I'm wondering, given a random truth-table with N binary variables and 1 binary output, what is (worst case) the smallest network that can learn it? (In terms of number of parameters).
This is technically true, but I wonder how close you could get to 100% with minimal size. I would expect that you could get somewhere around >98% with a network that's a few megabytes in size.
Having gone through this tutorial (which is great!) and several others, I'm curious what is a good second step for the casual neural network learner?
It sounds like there is a growing bag of tricks neural network researchers are discovering to make training practical and stable for large data sets.
One example would be using relu activation - whenever I play with it in a simple tutorial like this one, training seems to explode and fail much more frequently, so I'm guessing either I'm missing another step people use, or there are some extra constraints on initial conditions?

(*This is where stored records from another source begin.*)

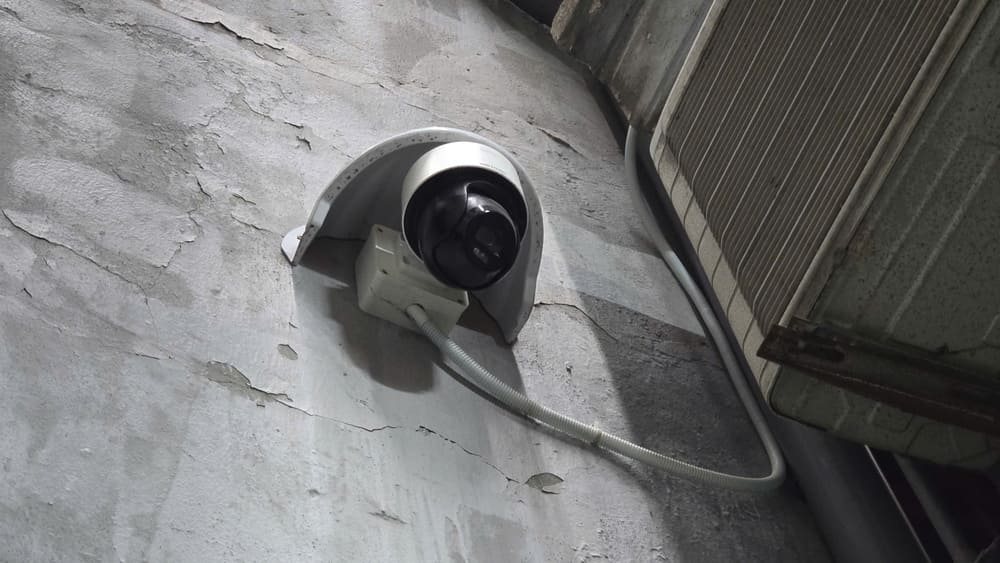 Note that installing outdoor anti-theft cameras should design waterproof canopies to increase product durability. Photo: Tuan Dat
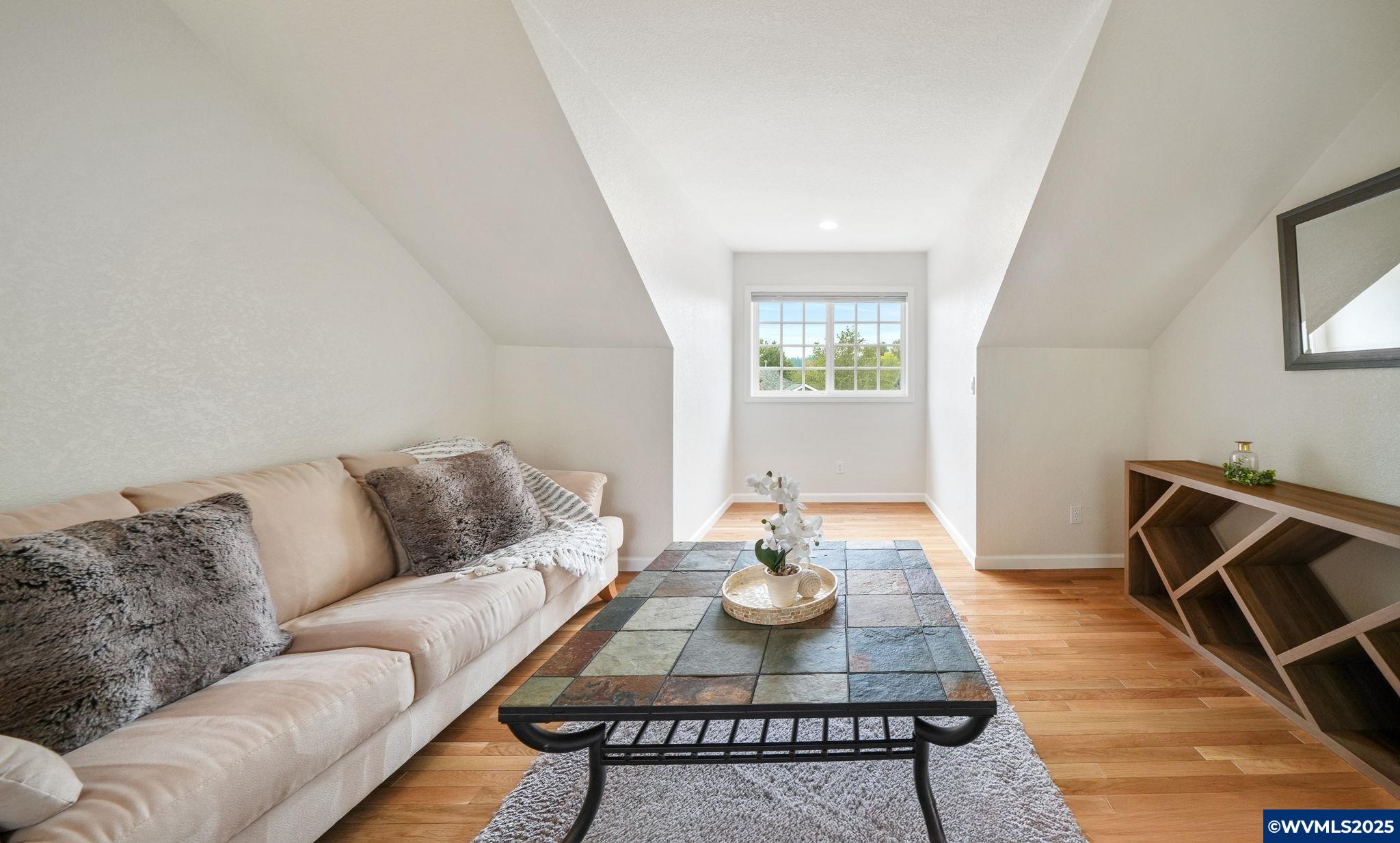 3269 NW Silktassel Dr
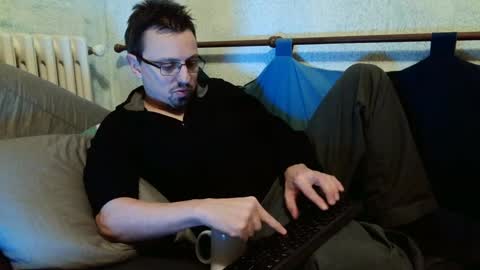 Snapshot of _horny___boy_ chatting on 02.23.25 Manuel online show from 02.23.25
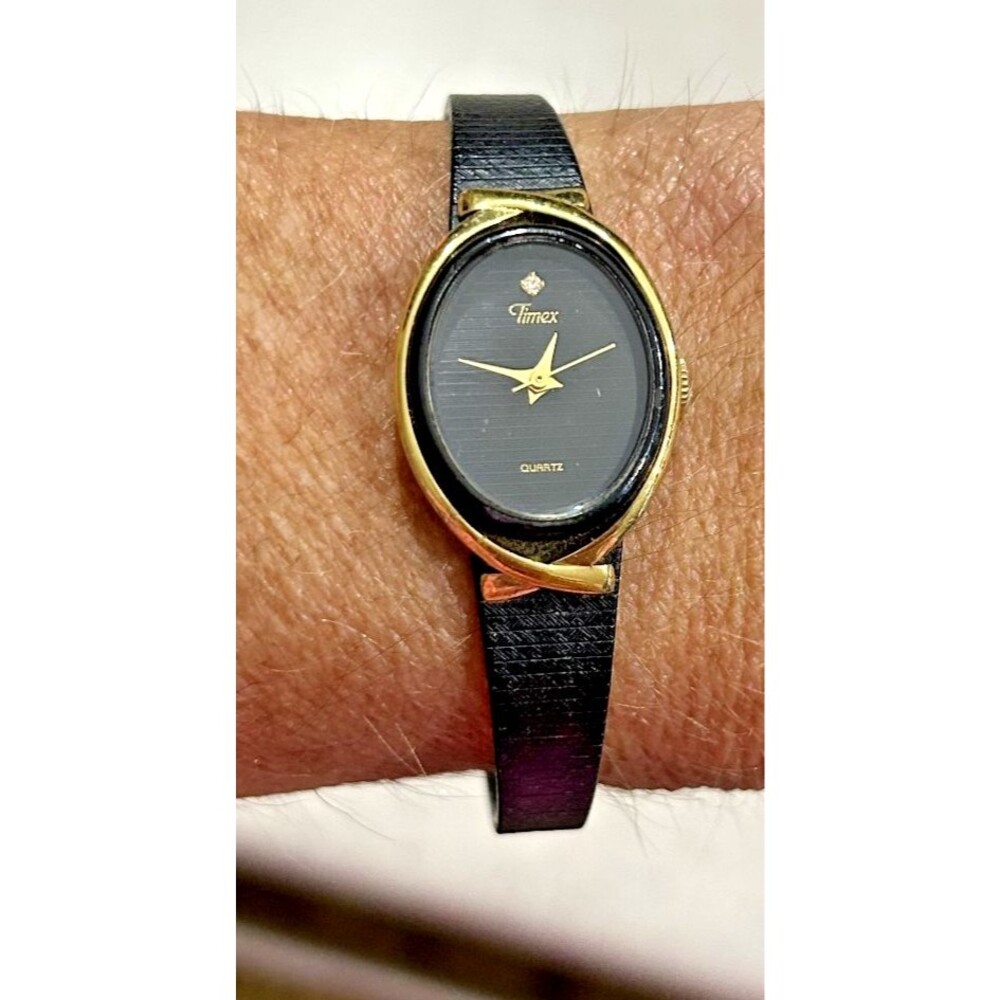 Vintage Timex Diamond Black & Gold Metal Band Ladies Watch Classic Dainty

Using a Gaussian for activation in my tutorials has tended to be more stable and converge much faster, but I assume there is a huge downside lurking somewhere to having a non-monotonically increasing function?
What are the tricks of the trade that a weekend warrior should investigate?
You may want to check out Andrew Ng's Deep Learning Specialization over on Coursera. [1] One of the courses is specifically about hyperparameter tuning and another about structuring your project. There is a lot of practical information scattered across all the courses.
Yes, I'm taking the specialization and having a blast with it. :-)
Based on the limited amount of information, I'm assuming that by "training explodes" you mean that your gradient descent never reaches a local minimum. Try lowering your learning rate? You may be "stepping over" the minimum.
You are both right. It is worthwhile knowing that something has been posted before, in order to review old comments if interested and good content is always worth repeating.
In any case, reposting is allowed, for several good reasons, which have been discussed in the past.